When applying cognitive behavioural therapy to psychological illness such as anxiety or depression, it is important to remember that most issues similar to anxiety or depression stem from underlying psychological problems. Beck understood this and would readily treat each patient/client how to effectively purge themselves of these negative thoughts and feelings.

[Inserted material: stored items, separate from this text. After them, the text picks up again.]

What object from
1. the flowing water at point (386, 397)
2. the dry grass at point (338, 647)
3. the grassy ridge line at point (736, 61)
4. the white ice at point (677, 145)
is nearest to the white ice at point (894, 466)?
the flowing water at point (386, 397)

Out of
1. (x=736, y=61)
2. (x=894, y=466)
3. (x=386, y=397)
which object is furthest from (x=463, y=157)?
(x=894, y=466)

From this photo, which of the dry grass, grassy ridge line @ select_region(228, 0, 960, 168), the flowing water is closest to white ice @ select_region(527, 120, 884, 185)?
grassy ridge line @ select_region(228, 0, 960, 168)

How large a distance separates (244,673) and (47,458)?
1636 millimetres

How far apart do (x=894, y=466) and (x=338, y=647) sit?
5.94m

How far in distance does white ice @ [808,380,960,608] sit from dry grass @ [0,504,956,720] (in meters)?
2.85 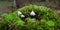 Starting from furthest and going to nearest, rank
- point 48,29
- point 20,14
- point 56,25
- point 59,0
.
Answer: point 59,0 → point 20,14 → point 56,25 → point 48,29

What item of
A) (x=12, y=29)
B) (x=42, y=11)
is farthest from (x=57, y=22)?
(x=12, y=29)

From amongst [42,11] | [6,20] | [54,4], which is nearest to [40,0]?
[54,4]

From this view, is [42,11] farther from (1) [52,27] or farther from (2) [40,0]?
(2) [40,0]

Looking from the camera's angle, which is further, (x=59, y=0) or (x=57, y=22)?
(x=59, y=0)

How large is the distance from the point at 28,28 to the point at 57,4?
10297 millimetres

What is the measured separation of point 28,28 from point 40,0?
34.6 ft

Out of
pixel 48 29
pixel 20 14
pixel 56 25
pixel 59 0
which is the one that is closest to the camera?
pixel 48 29

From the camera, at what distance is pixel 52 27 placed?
149 inches

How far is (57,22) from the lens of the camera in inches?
171

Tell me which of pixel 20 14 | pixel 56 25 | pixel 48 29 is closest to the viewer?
pixel 48 29

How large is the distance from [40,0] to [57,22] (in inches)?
392

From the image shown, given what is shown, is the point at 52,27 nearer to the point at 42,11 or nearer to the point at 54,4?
the point at 42,11

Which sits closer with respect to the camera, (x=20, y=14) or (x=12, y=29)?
(x=12, y=29)

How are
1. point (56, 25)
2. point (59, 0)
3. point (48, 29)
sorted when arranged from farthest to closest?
point (59, 0) → point (56, 25) → point (48, 29) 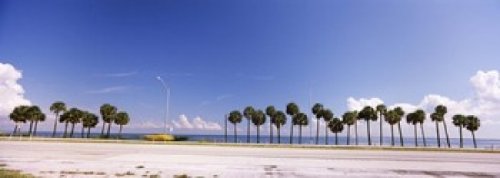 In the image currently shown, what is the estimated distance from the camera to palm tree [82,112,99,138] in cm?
11109

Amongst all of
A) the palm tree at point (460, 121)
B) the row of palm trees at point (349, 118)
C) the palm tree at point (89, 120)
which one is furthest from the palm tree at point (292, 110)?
the palm tree at point (89, 120)

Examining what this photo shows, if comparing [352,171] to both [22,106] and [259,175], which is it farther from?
[22,106]

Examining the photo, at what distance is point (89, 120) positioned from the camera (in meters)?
112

Despite its evidential success when applying cognitive behaviour therapy, Beck did have to overcome great criticism concerning the recovery period. Many critics argued that recovery from such illnesses, were too long. Although this was true and recovery could indeed take up to several months, Beck knew that in order to fully recover from such psychological problems then it there would certainly be no short term cure. The process of recovery is entirely dependent upon the patient’s willingness to help themselves overcome negative thoughts and feelings, which caused such problems in the first place. This deep psychological process could perhaps only take a couple of weeks depending on how quick the patient/client let go of negative thoughts and feelings while replacing them with positive and happy alternatives.